The theory of a Confederate grand conspiracy portrays Booth as a rebel agent working to organize a band of men to kidnap Lincoln. When Richmond fell, the plans turned to assassination. First, there was the failed effort to blow up the White House followed by the successful effort to kill Lincoln at the theater. Just as Lincoln may have ordered the killing of Jefferson Davis and his Cabinet by Ulrich Dahlgren and his men, Judah Benjamin and Jefferson Davis were involved in the plans to kidnap and later assassinate Abraham Lincoln. The theory of Confederate complicity in the assassination of Abraham Lincoln is accepted by many of the current Lincoln assassination historians, scholars, researchers, and writers. The actual trigger for Booth's actions was the April 10th capture of explosives expert Thomas F. Harney who was on his way to Washington to bomb the White House.

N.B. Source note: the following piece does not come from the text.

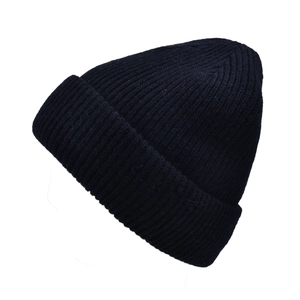 Detailed view of black ribbed knit wool beanie hat providing extra winter warmth
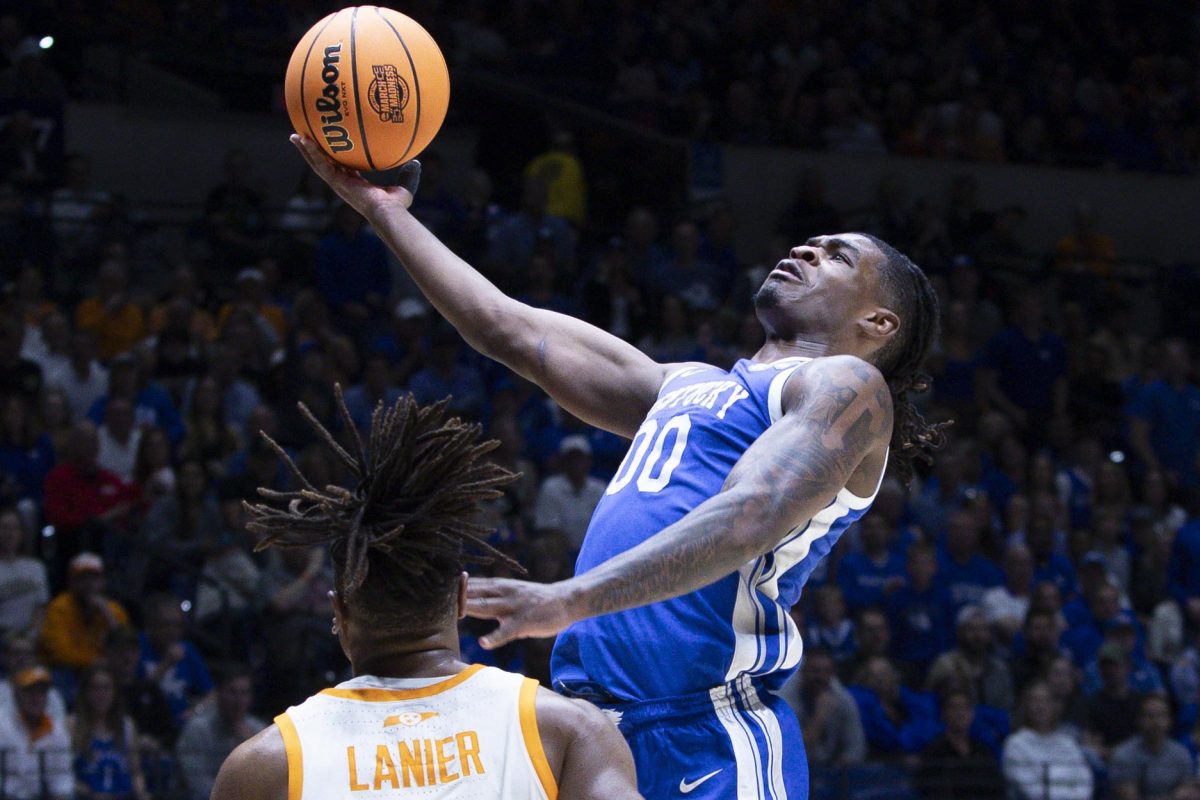 Kentucky Wildcats guard Otega Oweh jumps to score over Tennessee Volunteers guard Chaz Lanier during the NCAA men’s basketball tournament Sweet Sixteen game vs. the Tennessee Volunteers on Friday, March 28, 2025, at Lucas Oil Stadium in Indianapolis, Indiana. Tennessee won 78-65. Photo by Christian Kantosky | Assistant Photo Editor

Booth, knowing Harney's mission had failed, tried to make up for Harney's disaster by taking matters into his own hands and killing the president at Ford's Theatre. For details on this theory see the articles entitled "Who Ordered Lincoln's Death?" by James E.T. Lange and Katherine DeWitt in the June 1998 edition of North & South magazine and "The Lincoln Assassination Revisited" by William Hanchett and "Risking the Wrath of God" by Edward Steers, Jr. in the September 2000 issue of North & South. Confederate plans to blow up the White House seem to be confirmed by George Atzerodt's Lost Confession.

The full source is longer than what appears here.